Every line of the listing belongs in your answer exactly as written; the images do not.

# STORED DATA
-------------------------

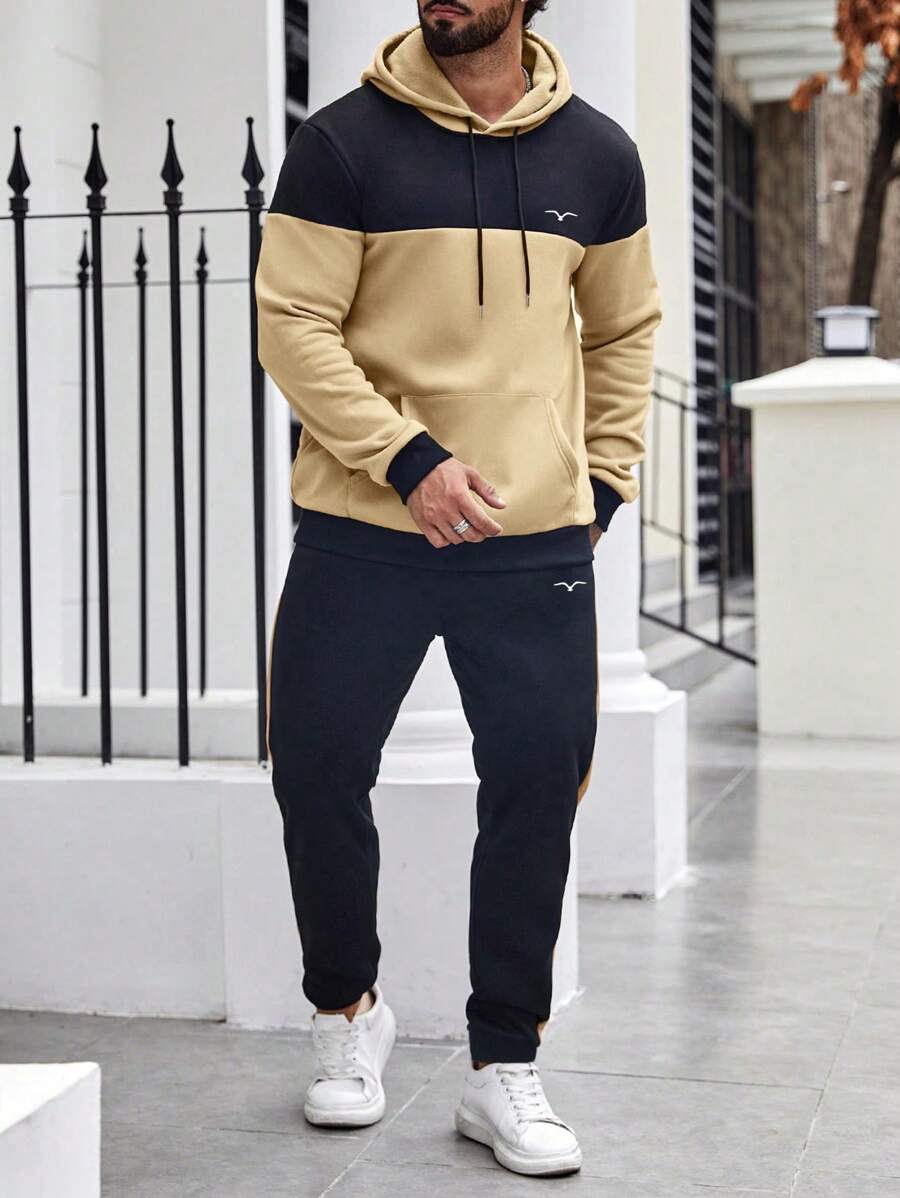Manfinity Homme 男士大码雙色抽繩連帽衫和運動褲 - 卡其色 - 查看 1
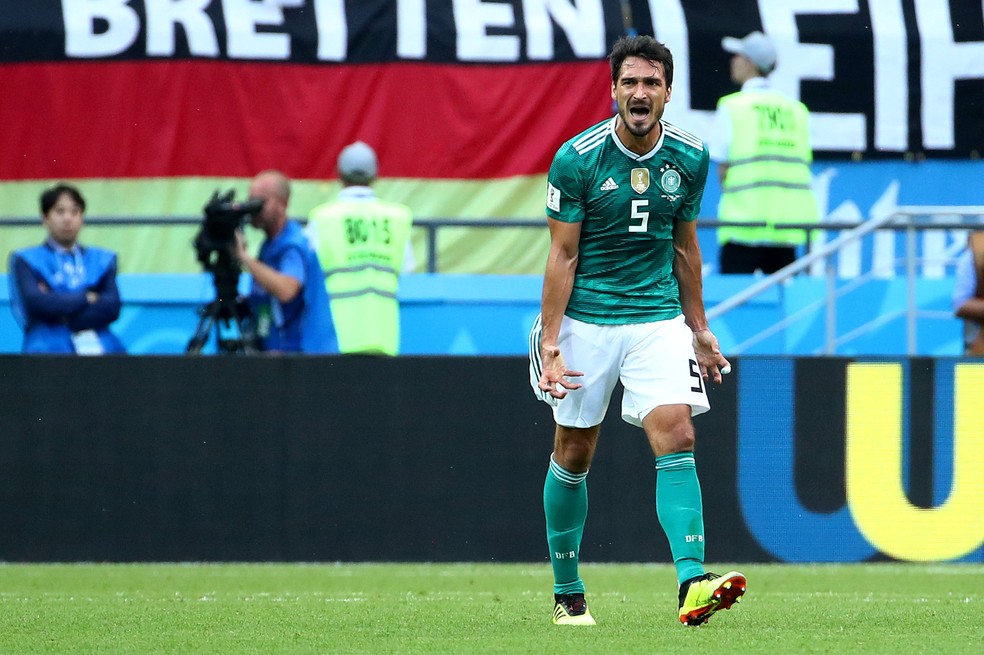 Hummels em aÃ§Ã£o pela Alemanha na Ãºltima Copa do Mundo â Foto: Michael Dalder/Reuters
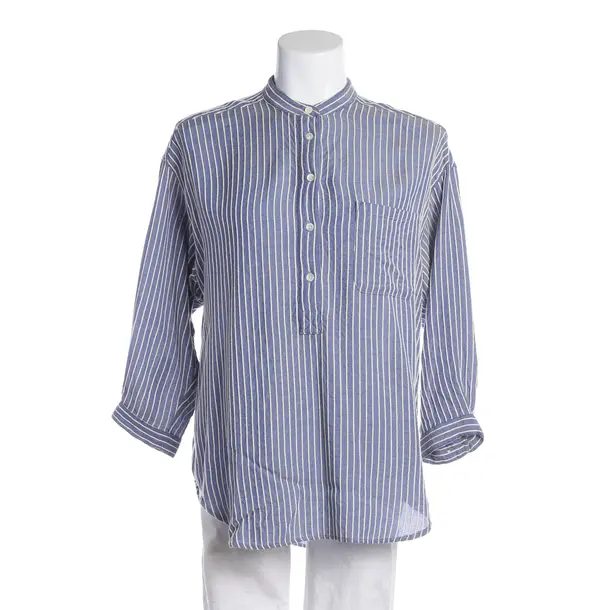 Blouse, in Blue, Cotton, Closed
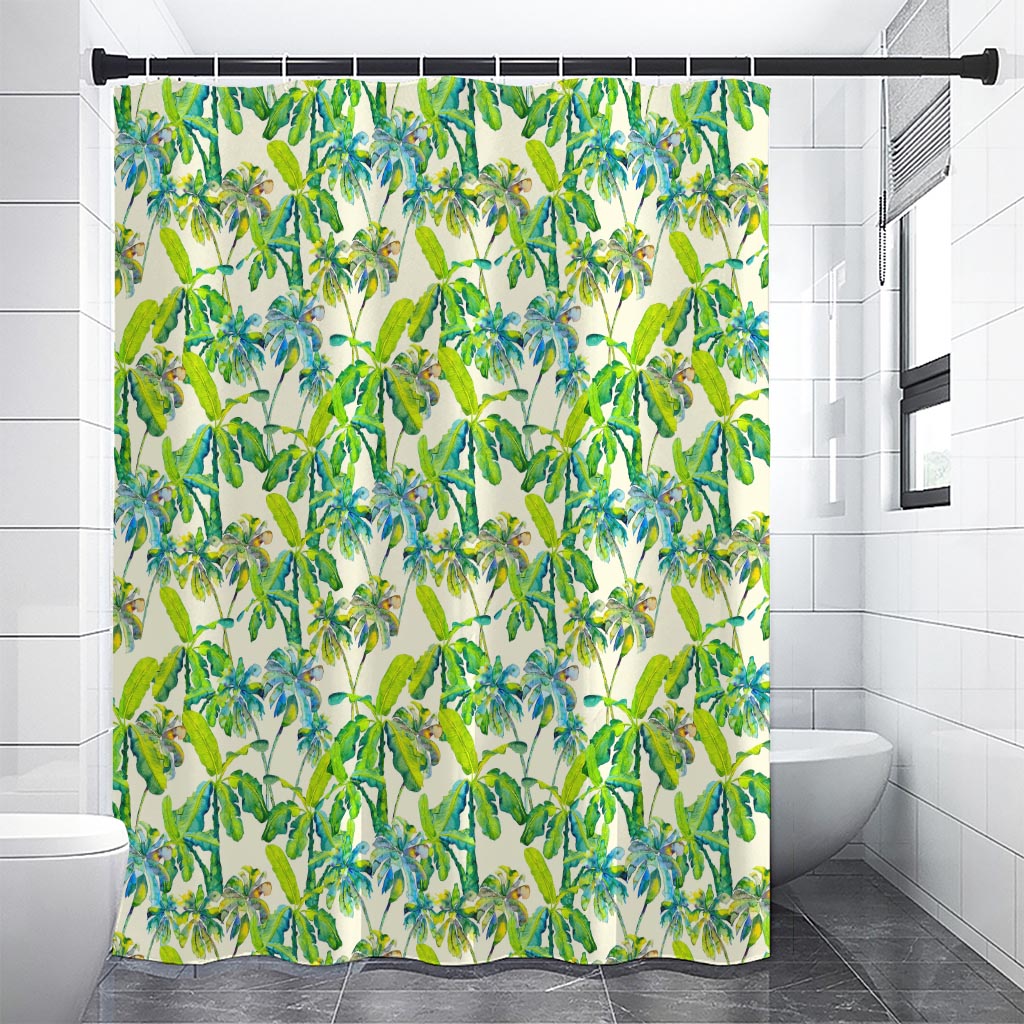 Palm Tree Banana Pattern Print Shower Curtain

-------------------------

# SOLVED EXERCISE
Manfinity Homme 男士大码雙色抽繩連帽衫和運動褲 - 卡其色 - 查看 1
 Hummels em aÃ§Ã£o pela Alemanha na Ãºltima Copa do Mundo â Foto: Michael Dalder/Reuters
 Blouse, in Blue, Cotton, Closed
 Palm Tree Banana Pattern Print Shower Curtain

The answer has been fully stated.